Previous experience had shown that even expert horticulturists cannot readily recognise every plant from photographs, and want to examine the leaves and flowers and form of the real plant. It became apparent that a separate process was necessary to log information about the plants visible within the video images. Thus the purpose of the geometric surveys was to 'map' locational information about plants, trees and hard landscape features within the field of view of each camera, into the GIS from which the VRML (Virtual Reality Modelling Language) 3D Web-based models are generated. Hyperlinked pages of plant information are generated from the GIS attached to the 3D elements in the VRML model. The same instructions used to control the video camera are to be used to instruct the VRML model to show the same view, in a companion frame to the video image. Clicking on elements in the model enables comparative identification of the elements visible in the video. (Common plant names in French and English are linked by the Latin name as a key to assist identification despite the different languages involved).
Compaq IPAQs were acquired for the task of hand-held plant data logging at each site, with ESRI Arcpad GIS software (on investigation found more usable than the comparable Mapinfo pocket PC product). These have both wireless networking connection and docking station transfer of data to and from the server. The Arcpad software has been loaded with spatial mapping of both gardens and with templates developed for logging the location, characteristics, and spread at different seasons of each distinctive plant feature.

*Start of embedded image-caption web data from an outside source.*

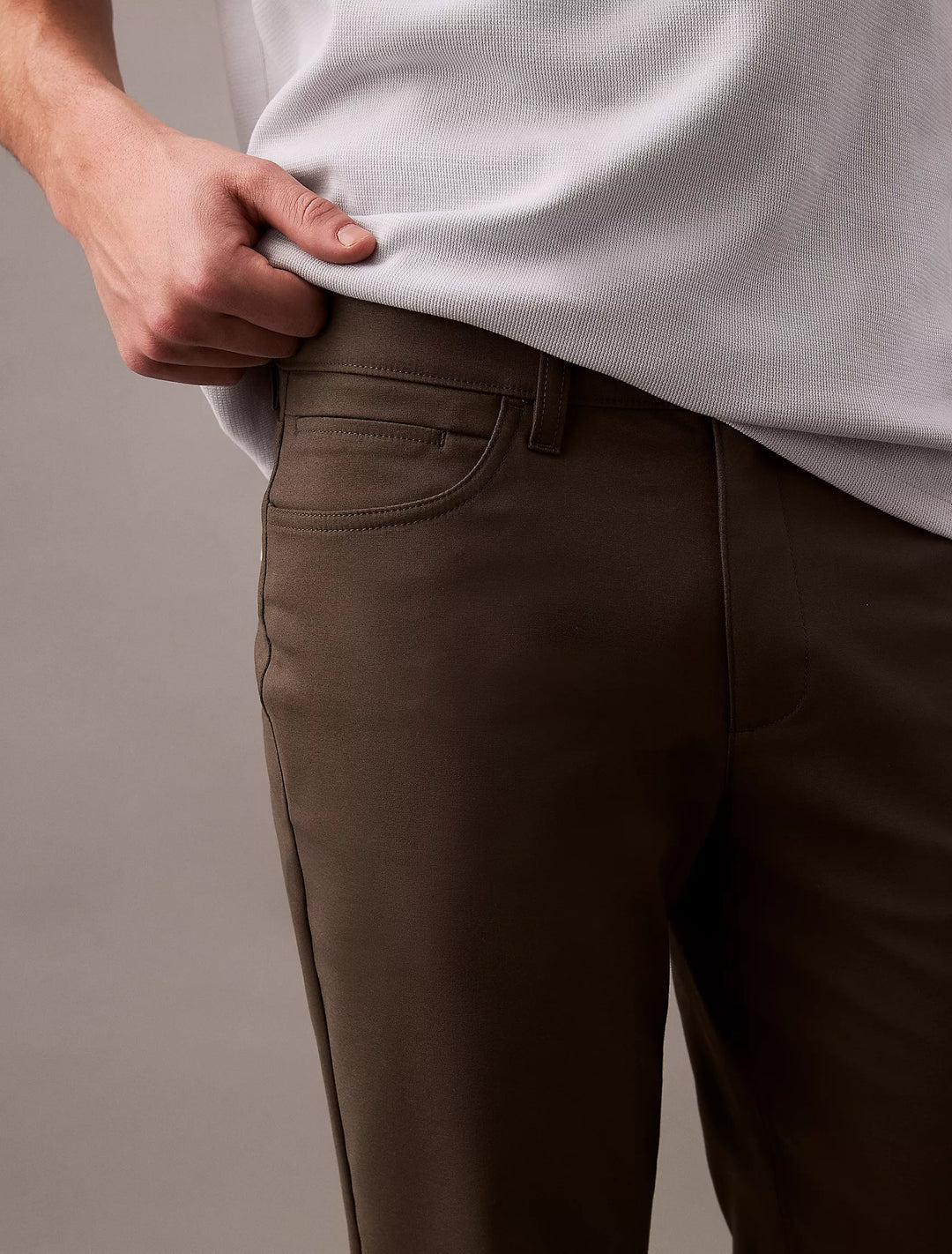 Calvin Klein Slim Move 5-Pocket Pant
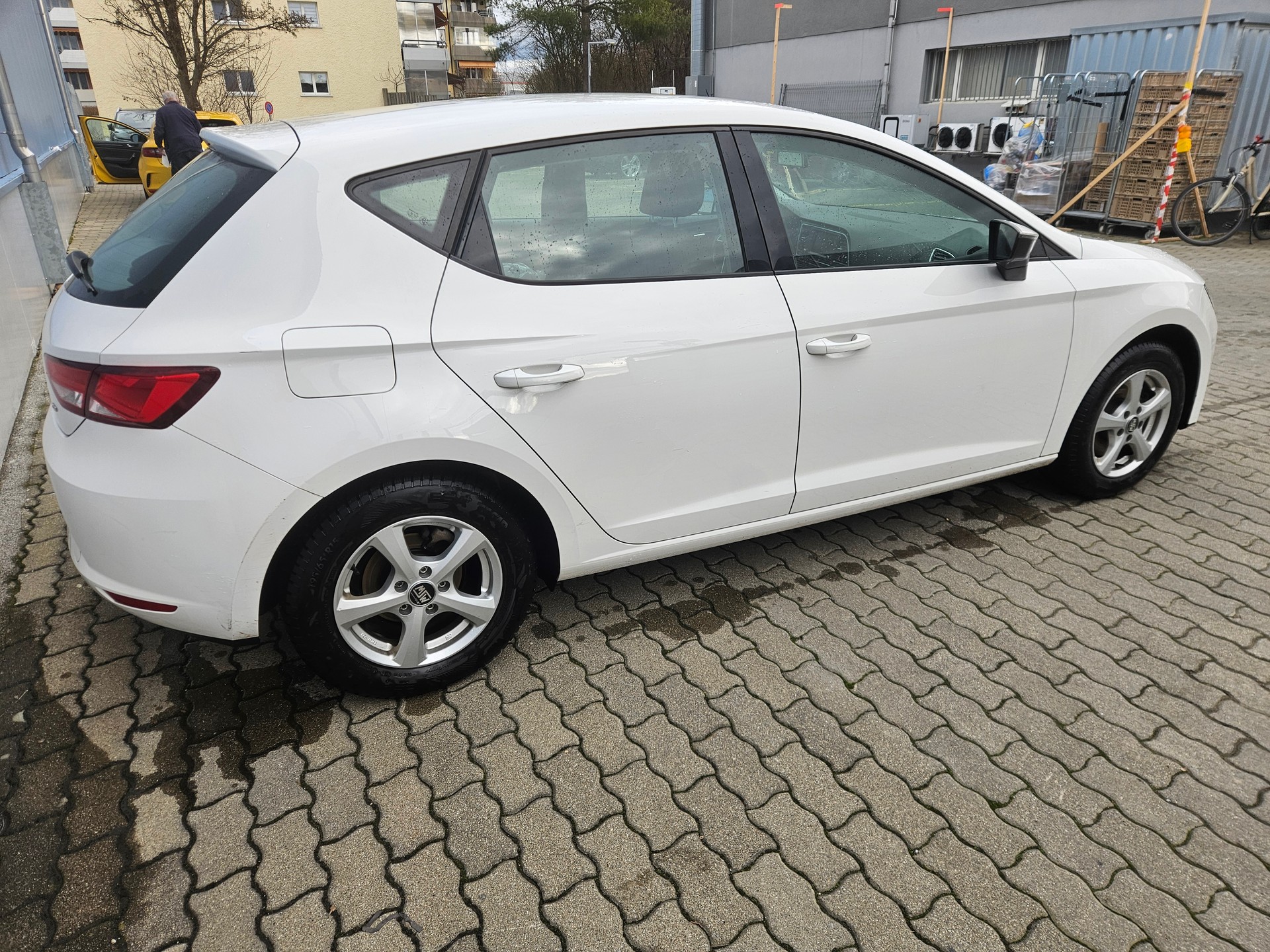 SEAT Leon 1.2 TSI Reference-image-5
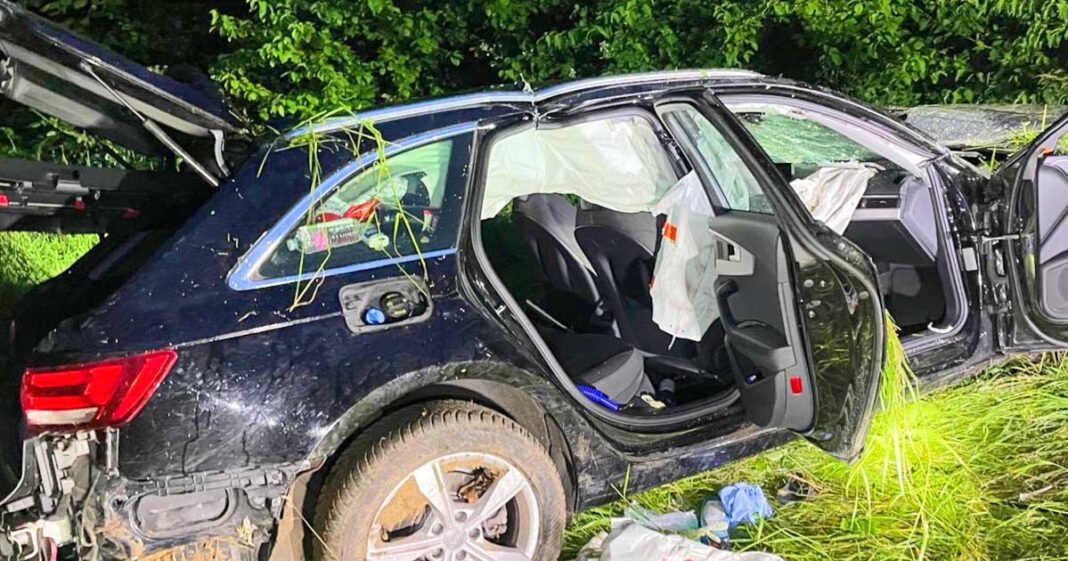 Verkehrsunfall auf B35: Fahrer schwer verletzt Verkehrsunfall auf B35: Fahrer schwer verletzt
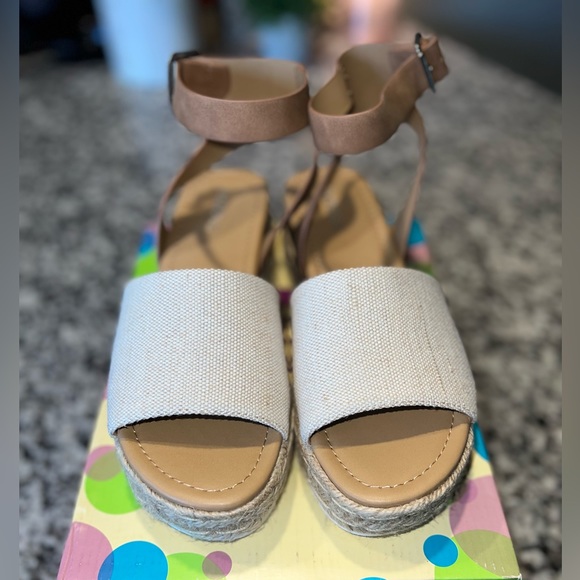 Soda Platform Wedges - Picture 3 of 6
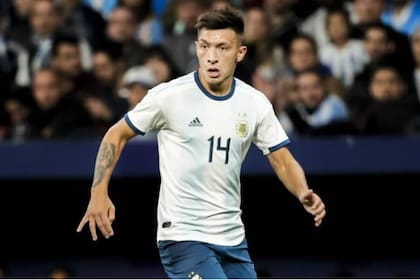 Lisandro Martínez, defensor de Ajax, es uno de los convocados por Scaloni debido a que Nicolás Tagliafico llega tocado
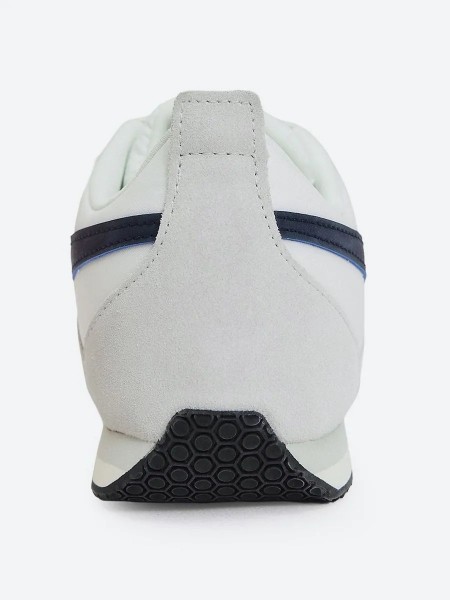 ���� REEBOK R100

GIS standards for exchange are robust enough for it to be simple to exchange mapping and data between Arcpad on the IPAQ (or Desktop) and Mapinfo at UWE. However garden staff have proved reluctant to embrace technology to this extent, and have been more comfortable with paper based maps and forms, from which the data has been transcribed onto computer later.
Gardens were chosen that are designed to be seen from the windows of the House, so that a camera mounted on the house as a vantage point would give a similar view. Both a fixed and a motorised camera were installed because there was no suitable position from which the whole of the selected area at either garden could be viewed by a single camera. Initially it was intended to install a conventional pan and tilt motorised camera mounting with a Sony FCBIX47 Camera (460 TV Lines) with auto focus and 18 times optical zoom, in a heated weatherproof housing. However on investigation and testing, it became apparent that the conventional motorised mountings used in the security industry are only suitable for a limited range of preset views or for direct control by keypad and joystick by an on-site operator; they do not enable the precise telemetry required for remote control over the Web.
|
| Figure 4: Dome Camera at Hatfield House |
It was found that the Dome Camera (Dennard 2050) was capable of precise telemetry, but would require programs to be written to control the camera remotely. Unfortunately the dome camera is more prone to reflection, glare and raindrop distortion. A C program was written and tested by Oggle Ltd, from whom the cameras and Web upload utilities have been leased, to control the dome cameras. Shell scripts were developed by UWE to enable the cameras to be remotely controlled by clicking on a map or panoramic image on a Web page, with a slider to control zoom. These now work effectively.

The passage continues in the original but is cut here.